Task prompt: Starting with the line that contains "thumbnail image 4" and stopping after the line that contains "All In One Heavy", return each line below exactly as written, with no others.

Input data:
=-=-=-=-=
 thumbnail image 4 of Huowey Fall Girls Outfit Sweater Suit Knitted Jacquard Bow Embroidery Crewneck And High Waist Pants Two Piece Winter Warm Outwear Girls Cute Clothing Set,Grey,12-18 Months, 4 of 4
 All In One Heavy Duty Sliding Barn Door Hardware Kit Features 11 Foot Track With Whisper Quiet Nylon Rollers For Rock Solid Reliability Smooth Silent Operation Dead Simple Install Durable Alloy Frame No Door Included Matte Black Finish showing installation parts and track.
=-=-=-=-=
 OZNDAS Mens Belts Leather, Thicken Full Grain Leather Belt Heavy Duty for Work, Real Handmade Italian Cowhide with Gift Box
=-=-=-=-=
Your response:
 thumbnail image 4 of Huowey Fall Girls Outfit Sweater Suit Knitted Jacquard Bow Embroidery Crewneck And High Waist Pants Two Piece Winter Warm Outwear Girls Cute Clothing Set,Grey,12-18 Months, 4 of 4
 All In One Heavy Duty Sliding Barn Door Hardware Kit Features 11 Foot Track With Whisper Quiet Nylon Rollers For Rock Solid Reliability Smooth Silent Operation Dead Simple Install Durable Alloy Frame No Door Included Matte Black Finish showing installation parts and track.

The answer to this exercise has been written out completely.